These are wild times in the craft beer industry. That's not exactly front page news, but growth and change is happening at such a shocking pace that heads are spinning. The elephant in the living room is the ongoing challenge represented by big beer.
On the plus side, we recently learned the US brewery count surpassed the old record of 4,131. Perhaps most interesting about that revelation is that the old record was set in 1873, and was followed by a period of intense consolidation, then Prohibition, then more intense consolidation. The shift back to growth began roughly 30 years ago and it's been a crazy ride ever since.
There's more. For example, IPA continues to be the dominant craft style. Big surprise. In fact, one could easily argue the popularity of IPA has overflowed into other styles, many of which are hoppier than ever. And despite the ascending brewery count, there are still thousands of communities that are large enough to support a brewery and don't yet have one.
In the midst of all the good news for craft beer is the black hole of consolidation. The billion dollar Ballast Point buyout is the lead in that part of the story, and has more than a few craft brewers wondering what their place might be worth. Breweries that sold earlier, like 10 Barrel, Elysian and Goose Island, look at the Ballast Point deal and wonder where they went wrong.
Of course, the larger story on the consolidation front is the impending buyout of SABMiller by Anheuser-Busch/InBev. The multi-billion dollar deal has the potential to turn the entire beer world upside down. That reality has raised the hackles of regulatory types and a few yet-to-be-bought politicians.
Now there's news that a group of citizens from Oregon, Washington and California has filed suit in US District Court challenging the ABI/SABMiller deal on the grounds that it will hurt consumers by restricting competition and choice. No kidding. The plaintiffs aren't asking for any money. What they want is the merger stopped.
There's about zero chance of that happening in our current political climate. They'd have about as much luck getting assault rifles banned. There's little doubt the AB/SABMiller merger, which is largely a global play, will wind up being bad news for America's independent craft brewers.
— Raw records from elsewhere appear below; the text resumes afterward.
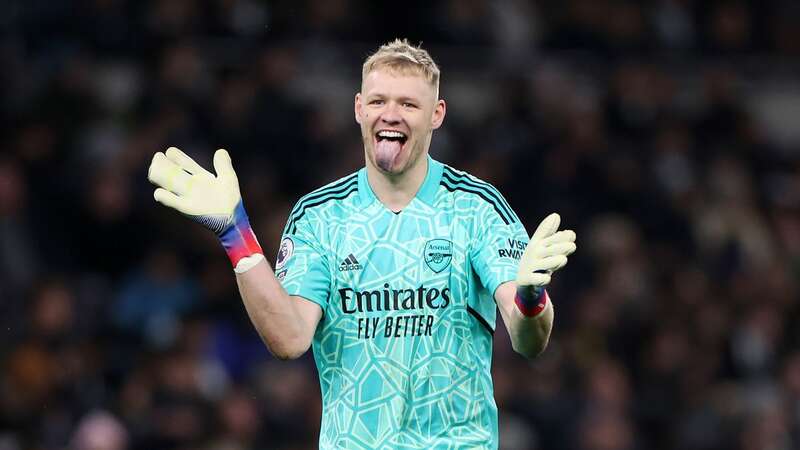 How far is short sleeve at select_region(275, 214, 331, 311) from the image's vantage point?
5.32 metres

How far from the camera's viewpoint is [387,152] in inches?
211

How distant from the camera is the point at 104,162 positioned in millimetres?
11500

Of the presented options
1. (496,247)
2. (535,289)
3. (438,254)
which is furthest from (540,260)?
(438,254)

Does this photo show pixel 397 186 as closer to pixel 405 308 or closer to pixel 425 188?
pixel 425 188

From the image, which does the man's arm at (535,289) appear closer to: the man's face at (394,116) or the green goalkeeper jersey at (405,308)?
the green goalkeeper jersey at (405,308)

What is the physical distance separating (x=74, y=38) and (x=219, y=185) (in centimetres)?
736

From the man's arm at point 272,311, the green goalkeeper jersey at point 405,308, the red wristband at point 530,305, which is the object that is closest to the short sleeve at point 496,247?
the green goalkeeper jersey at point 405,308

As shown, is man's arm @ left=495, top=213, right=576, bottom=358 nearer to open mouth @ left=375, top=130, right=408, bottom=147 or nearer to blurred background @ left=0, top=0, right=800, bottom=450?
open mouth @ left=375, top=130, right=408, bottom=147

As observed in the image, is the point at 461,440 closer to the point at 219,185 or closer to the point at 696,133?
the point at 219,185

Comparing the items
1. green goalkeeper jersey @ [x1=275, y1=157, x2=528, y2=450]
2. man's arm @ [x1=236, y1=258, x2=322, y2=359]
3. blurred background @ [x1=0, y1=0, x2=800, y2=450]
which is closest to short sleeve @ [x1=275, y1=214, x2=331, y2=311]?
green goalkeeper jersey @ [x1=275, y1=157, x2=528, y2=450]

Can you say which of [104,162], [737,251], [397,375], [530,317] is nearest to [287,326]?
[397,375]

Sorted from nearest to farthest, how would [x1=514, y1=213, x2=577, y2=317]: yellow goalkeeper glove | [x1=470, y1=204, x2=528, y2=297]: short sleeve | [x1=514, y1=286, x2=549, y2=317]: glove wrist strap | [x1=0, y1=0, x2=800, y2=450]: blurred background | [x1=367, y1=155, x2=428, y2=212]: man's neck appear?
[x1=514, y1=213, x2=577, y2=317]: yellow goalkeeper glove → [x1=514, y1=286, x2=549, y2=317]: glove wrist strap → [x1=470, y1=204, x2=528, y2=297]: short sleeve → [x1=367, y1=155, x2=428, y2=212]: man's neck → [x1=0, y1=0, x2=800, y2=450]: blurred background

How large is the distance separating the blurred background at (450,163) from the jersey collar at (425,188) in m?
4.79

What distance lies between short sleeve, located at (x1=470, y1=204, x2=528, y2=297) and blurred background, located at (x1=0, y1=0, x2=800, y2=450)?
4985 millimetres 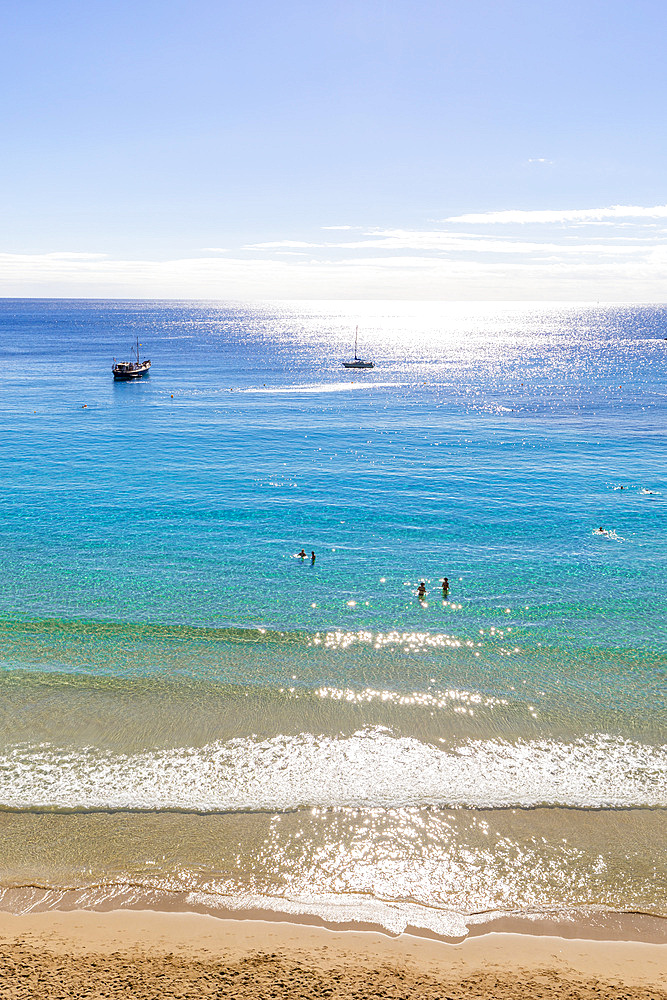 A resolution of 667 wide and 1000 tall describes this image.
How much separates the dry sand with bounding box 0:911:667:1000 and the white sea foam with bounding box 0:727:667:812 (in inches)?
184

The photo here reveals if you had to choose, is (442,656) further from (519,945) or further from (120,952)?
(120,952)

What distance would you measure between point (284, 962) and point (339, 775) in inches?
Result: 297

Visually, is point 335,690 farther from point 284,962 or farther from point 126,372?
point 126,372

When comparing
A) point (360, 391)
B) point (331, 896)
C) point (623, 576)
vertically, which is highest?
point (360, 391)

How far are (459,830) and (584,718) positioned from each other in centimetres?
911

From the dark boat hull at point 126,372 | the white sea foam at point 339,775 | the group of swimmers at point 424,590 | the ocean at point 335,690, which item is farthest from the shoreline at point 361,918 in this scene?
the dark boat hull at point 126,372

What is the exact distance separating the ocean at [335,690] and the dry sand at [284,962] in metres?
0.78

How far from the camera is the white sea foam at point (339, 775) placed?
68.7 ft

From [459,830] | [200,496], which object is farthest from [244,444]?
[459,830]

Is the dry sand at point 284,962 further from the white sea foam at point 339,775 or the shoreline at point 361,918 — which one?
the white sea foam at point 339,775

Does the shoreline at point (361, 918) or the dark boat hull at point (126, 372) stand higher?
the dark boat hull at point (126, 372)

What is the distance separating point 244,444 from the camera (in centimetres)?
7781

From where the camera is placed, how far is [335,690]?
2745 centimetres

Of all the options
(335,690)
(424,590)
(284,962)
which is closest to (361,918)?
(284,962) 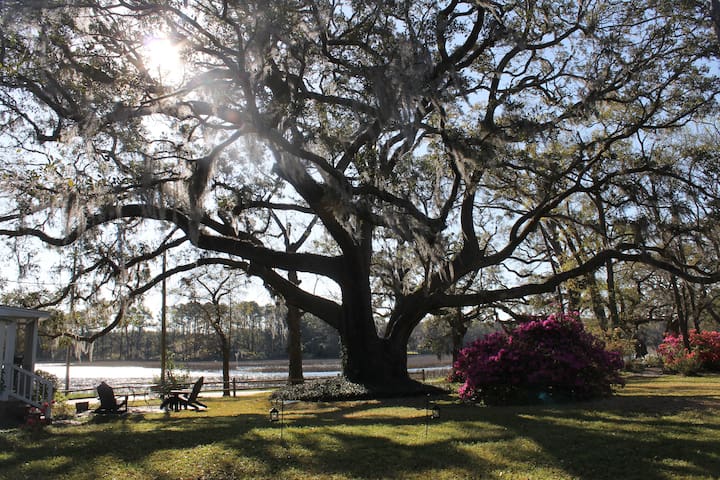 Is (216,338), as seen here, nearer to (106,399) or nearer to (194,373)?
(194,373)

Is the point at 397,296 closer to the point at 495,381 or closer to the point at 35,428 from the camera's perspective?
the point at 495,381

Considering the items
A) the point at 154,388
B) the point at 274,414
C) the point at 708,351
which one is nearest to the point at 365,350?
the point at 274,414

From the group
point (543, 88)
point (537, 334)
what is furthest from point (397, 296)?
point (543, 88)

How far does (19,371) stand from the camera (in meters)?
11.6

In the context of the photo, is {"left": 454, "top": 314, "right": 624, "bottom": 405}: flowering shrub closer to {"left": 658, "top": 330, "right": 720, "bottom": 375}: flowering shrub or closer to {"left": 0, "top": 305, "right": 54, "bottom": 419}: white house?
→ {"left": 0, "top": 305, "right": 54, "bottom": 419}: white house

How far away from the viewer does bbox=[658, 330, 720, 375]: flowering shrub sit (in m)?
20.2

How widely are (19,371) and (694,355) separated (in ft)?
70.4

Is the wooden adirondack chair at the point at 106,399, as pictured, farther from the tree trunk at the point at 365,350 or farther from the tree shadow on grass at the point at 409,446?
the tree trunk at the point at 365,350

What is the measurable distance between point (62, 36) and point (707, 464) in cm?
1328

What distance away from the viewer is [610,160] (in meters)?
15.4

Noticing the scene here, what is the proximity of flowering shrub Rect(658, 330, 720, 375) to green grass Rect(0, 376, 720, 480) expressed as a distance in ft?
39.3

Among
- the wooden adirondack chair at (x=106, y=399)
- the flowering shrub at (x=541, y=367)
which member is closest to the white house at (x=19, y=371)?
the wooden adirondack chair at (x=106, y=399)

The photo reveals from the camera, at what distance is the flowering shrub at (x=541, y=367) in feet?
35.9

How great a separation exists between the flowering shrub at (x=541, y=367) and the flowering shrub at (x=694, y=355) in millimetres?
10454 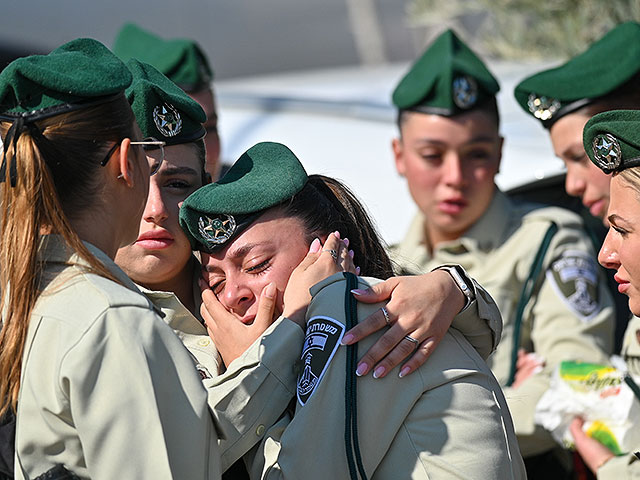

But there's no feasible way to stop it. All you can realistically hope to do is mitigate the impact.
The primary threat to independent craft brewers is only indirectly related to AB's acquisition of craft breweries. You can't get too excited about that because they will never own more than a small percentage of the total number of breweries. The threat is on the distribution side, where Anheuser-Busch is working to leverage its influence and limit independent craft brewers access to market.
That's not a joke. A Wall Street Journal story outlines an AB incentive plan that rewards distributors who focus primarily on AB brands. A couple of anonymous distributors spilled the beans, telling the WSJ they can receive incentive payouts of as much as $1.5 million annually if 98 percent of their volume is in AB brands. A distributor in St. Louis just dropped Deschutes because it had to choose between the incentive program and craft.
Look, Anheuser-Busch will never own or have influence over every distributor in this country. There will always be independents that go their own way. But AB has the power, via its owned and affiliated distributors, to make things difficult for independent craft brewers. The strategy outed in the WSJ article is just one part of that effort.
Many casual and some serious beer fans have their heads in the sand, more or less refusing to see the danger. Fine. Those who do see the threat can act against it by refusing to spend money on AB products, including acquired brands like 10 Barrel, Elysian, Goose Island, etc. There's nothing personal about this. It's business. Giving good money to Anheuser-Busch helps fuel the effort to undermine independent craft brewers.